El grupo de empresas Neiry, residente de "Skolkovo", ha llevado a la etapa final de pruebas un producto revolucionario: un biodrón basado en una paloma doméstica común. El dispositivo, denominado PJN-1, es casi indistinguible de un ave normal: solo lo delatan un delgado cable de neurointerfaz que sale del cráneo y una "mochila" compacta con electrónica.
A diferencia de los drones tradicionales o los animales entrenados, el PJN-1 se controla directamente a través de un neurochip implantado.
Los desarrolladores eliminaron la necesidad de un entrenamiento prolongado: cualquier ave, después de una operación mínimamente invasiva, se convierte en un vehículo aéreo totalmente controlable. El sistema de neuroestimulación activa ciertas zonas del cerebro, creando en la paloma el "deseo" de moverse en la dirección deseada.
El tiempo de funcionamiento autónomo del biodrón no se mide en horas, sino en años: exactamente lo que vive una paloma urbana común. La energía para la electrónica de a bordo proviene de paneles solares flexibles integrados en el cuerpo de la "mochila". Todo esto convierte al PJN-1 en una herramienta ideal para el monitoreo prolongado y remoto: desde el control de líneas eléctricas y gasoductos hasta operaciones de búsqueda y rescate en zonas de difícil acceso.
La precisión de la implantación la garantiza una instalación estereotáxica especializada desarrollada por Neiry. Permite colocar los electrodos en las áreas necesarias del cerebro sin costosas tomografías computarizadas o resonancias magnéticas, minimizando los riesgos para el ave.
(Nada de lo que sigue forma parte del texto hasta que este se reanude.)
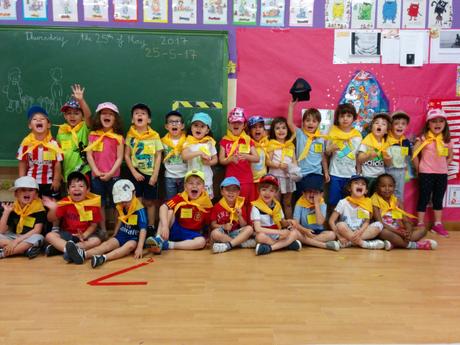 De excursión al planetario de Pamplona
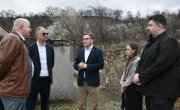 Министар Селаковић обишао Српско војничко гробље у Битољу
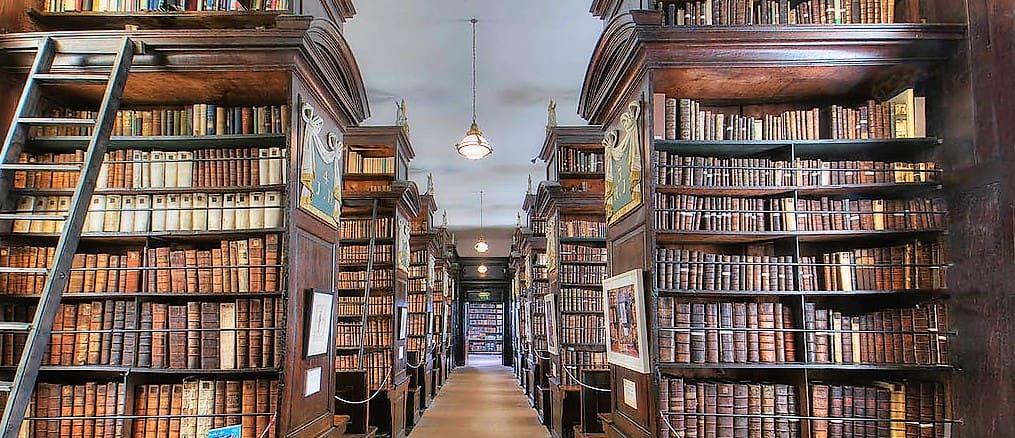 Marsh's Library Dublin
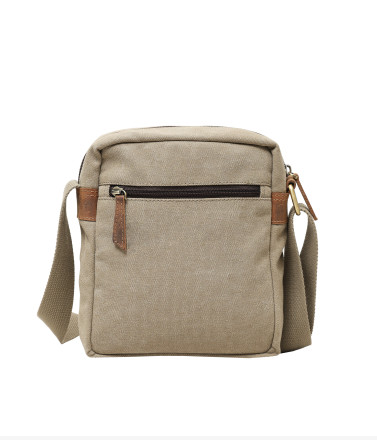 The Voyager Canvas Crossbody Bag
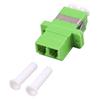 OEM Adattattatore a bussola Duplex LC Multimodale OM5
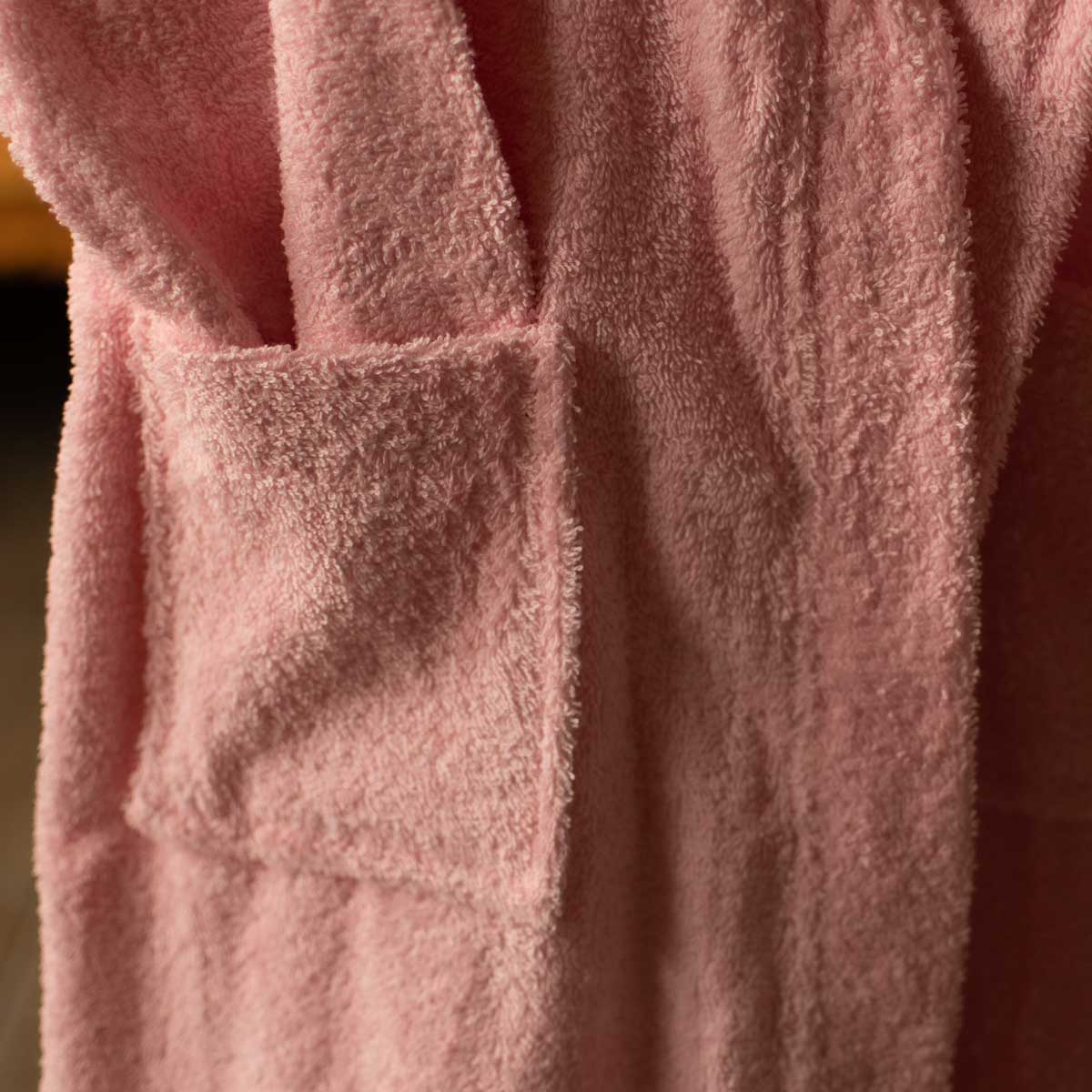 Z. Textile frottír gyermekköntös púderrózsaszín - Image 3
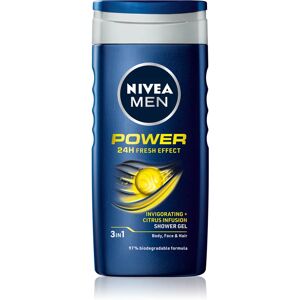 Power Refresh gel de douche 250 ml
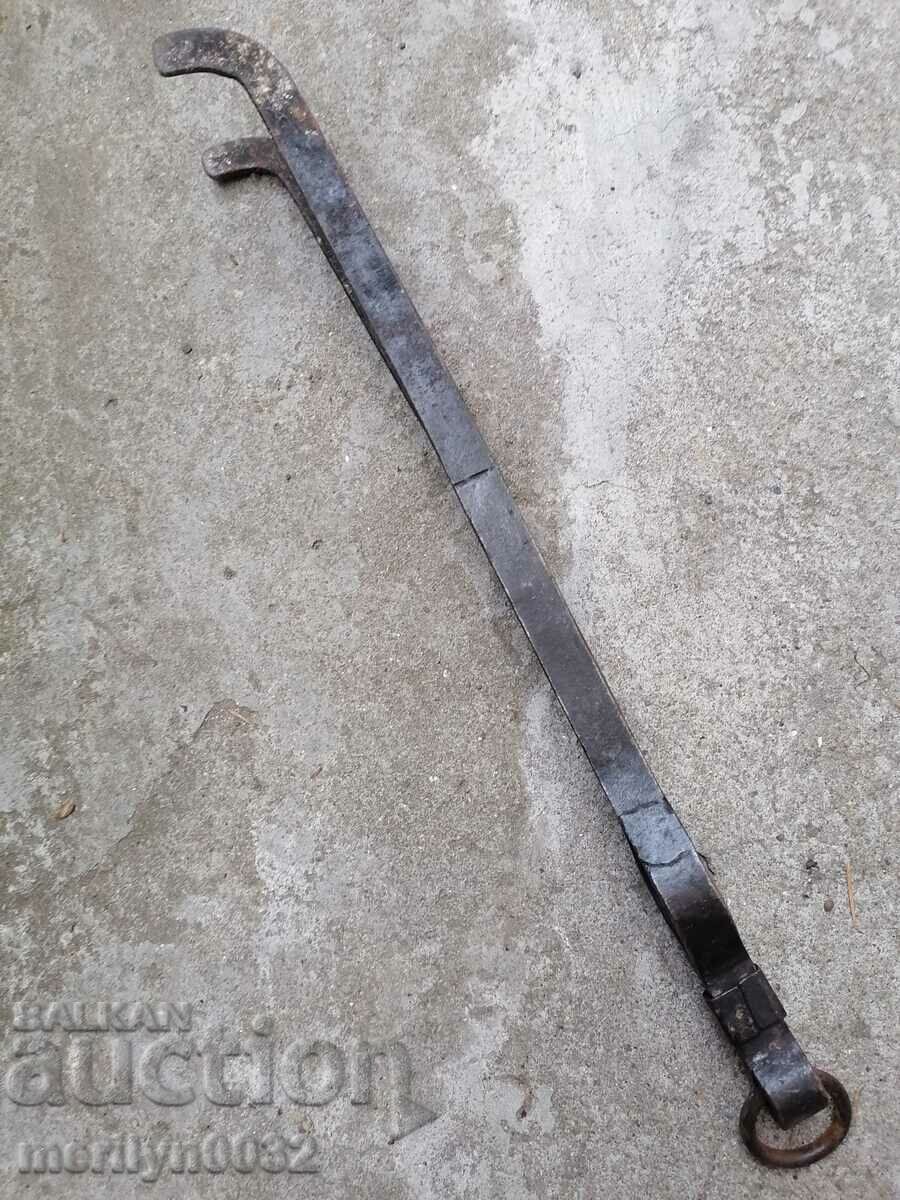 Old dilaf, mash, wrought iron for a furnace - 7 Old dilaf, mash, wrought iron for a furnace - 7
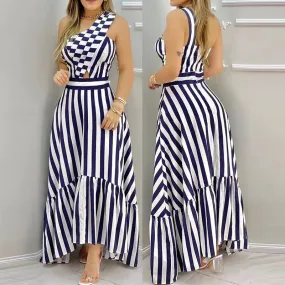 Summer Striped Dress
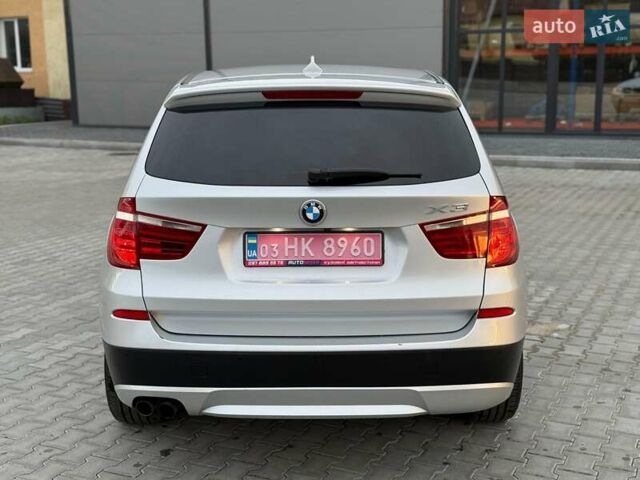 Серый БМВ Х3, объемом двигателя 3 л и пробегом 205 тыс. км за 12700 $, фото 7 на Automoto.ua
El sistema de posicionamiento incluye GPS, sensores inerciales y métodos alternativos, lo que garantiza la navegación incluso en entornos urbanos. Las cámaras de video a bordo funcionan según los mismos principios que los sistemas de vigilancia urbanos: todos los datos personales, incluidos los rostros, son anonimizados automáticamente por la IA de acuerdo con la legislación local.
Se observa que el costo del PJN-1 es comparable al precio de un dron comercial de clase media, pero supera su alcance y duración de vuelo en cientos de veces.
El proyecto se está implementando con el apoyo del Fondo NTI y anteriormente ganó el concurso de sistemas no tripulados en el foro internacional "Archipiélago 2025".